My poor sunburst. The one sunburst I didn't accidentally fry is no match for gold lantana! I might eventually take the lantana out, but it's just soooo easy: It grows like a weed around here, blooms almost constantly, & butterflies love it.

The annual bed:

It's still so lush (er, crowded, some may say) that I can't bear to pull it out & start over for winter.  In this shot: vinca, star jasmine, zinnia, tecoma, chiapas sage, and portulaca! I think I'll keep it a month more?

These last weeks have been the first time I finally saw everything coming together, like I'd envisioned. Granted, my vision is a lot busier than most, but I formulated it while at Casa Azul in Mexico City:

I was walking in Frida Kahlo's courtyard, with all the bright bougainvillea, and realized that's what I wanted--a sort of riotous, emotional, subtropical statement.  Thankfully, Jason's along for the ride.
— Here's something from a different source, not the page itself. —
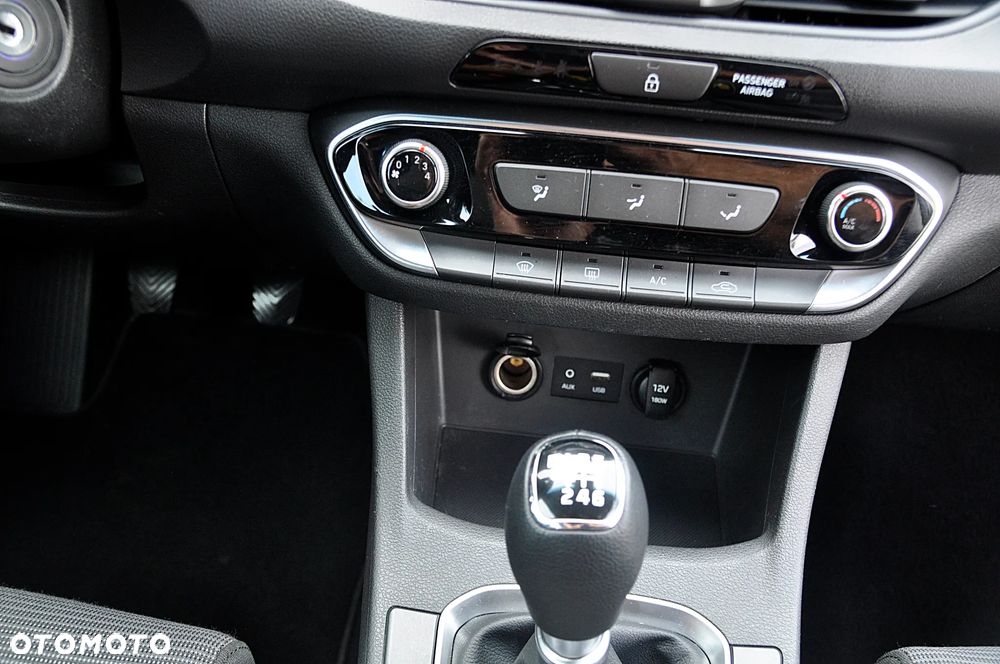 Hyundai i30 1.6 D Comfort - 12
Ain't love grand?  It is abundant.

Sep 9, 2017

Long tall Sally.

I realize that I've shown pics of Sally before. But she just keeps growing!
I went to the Huntington gardens yesterday, & one thing I like to do is go to the rose garden. Their 2 Sally Holmes growing on opposite sides of an entryway was the inspiration for our arbor.

Our arbor is a little smaller, so we just have one Sally. Here are a couple pics from this afternoon:

I love how the flowers form in clusters.  Sally forth!

Sep 1, 2017

Sunrise Serenade.

The 'Sunrise Serenade' ipomoea finally made an appearance, just in time for the tail end of summer:

It has a ruffled petal, rather than the more traditional round shape of most morning glories.  Speaking of which, 'Tickle Me Pink' has been so profuse that I thought it had taken over...I thought I might never see a 'Sunrise'... ?
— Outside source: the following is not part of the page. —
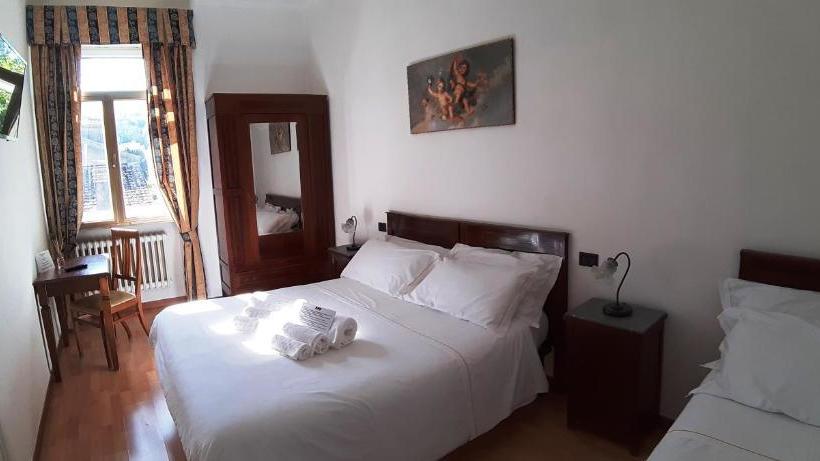 בית מלון כפרי Monte Marsicano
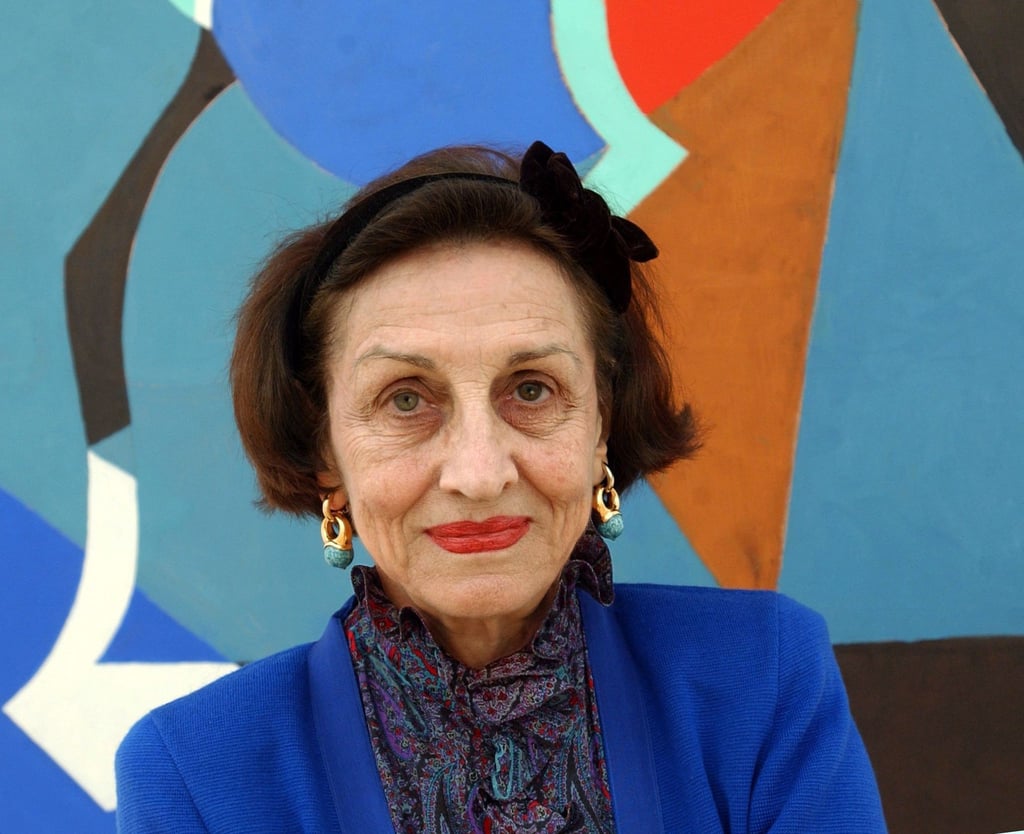 Malerin und Schriftstellerin Francoise Gilot steht in den Kunstsammlungen vor ihrem Bild „Night Sky“ aus dem Jahre 1999.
But now they're blooming alongside each other, and I'm happy about the effect:

I'm less happy about the grasshoppers (?) eating the leaves, but hey— we're trying to be organic over here.  Maybe a round of neem oil would help?

Aug 24, 2017

Canna these stop growing now?

So my canna finally came up.  Boy did they come up.  Since when do the words "up to 5 feet" (on a bulb packet) actually mean "up to 9 feet"?

They are completely dwarfing my carefully planted corner:

Granted, I overplanted this space in general (rookie mistake).  But I didn't know I was overplanting with 9 FOOT CANNA...
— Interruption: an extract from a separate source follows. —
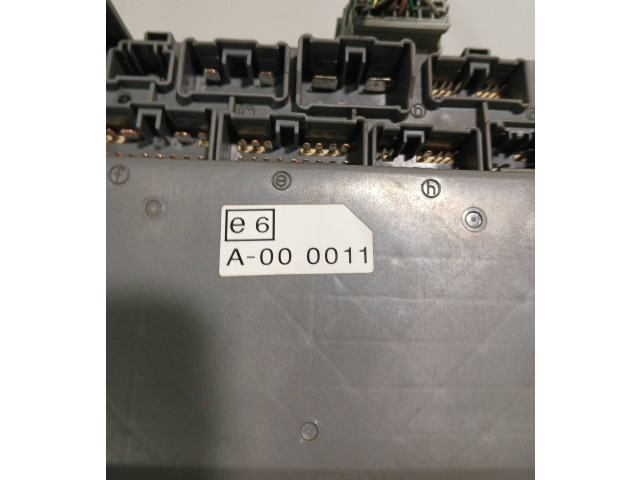 Блок предохранителей A000011 Honda Accord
Here is a closeup of the corner in better light:
The vine on the trellis is our Madagascar jasmine, now bloomed out for the season.  The plant in the foreground is an Australian tree fern, which will eventually (hopefully...) arch gracefully over this corner.  But look at the 2 canna bulbs I stuck in there!?

File this corner under "What Was I Thinking."

Aug 11, 2017

Bird Jacuzzi.

I decided that the one thing missing from our front yard was a fountain.  So we bought one, & it sucked.  So we returned it.  Then we put our birdbath out front.  And then I got a "birdbath bubbler," the white thing in the center, below:

Here's a closeup. Birds are supposed to like the rippling water, and it keeps mosquitoes from laying eggs in it (grody).
the birdbath hasn't seen much action yet—not while I've been watching, anyway.  One small bird sat on the edge for a few seconds, & I found a feather floating in the water.  Evidence!

But that's it.  So far...

Aug 2, 2017

August Abundance.

Stuff is growing like gangbusters during these long days.
Sometimes, that's good:
Sally Holmes...her canes are officially taller than my head—I think one is as tall as Jason?  I tied a few of them upright this morning.  I need to cut off the 2 flower "balls" to get her ready for the fall flush of bloom.

Just for reference, this is what she looked like when planted in March:
Crazy, right?

Ok, so sometimes summer growth is alarming—here represented by our Cup of Gold vine:

I'm not sure what to do with the branches that are exceeding the fence; tie them laterally?  Cut them off?  Something tells me there's no stopping this plant.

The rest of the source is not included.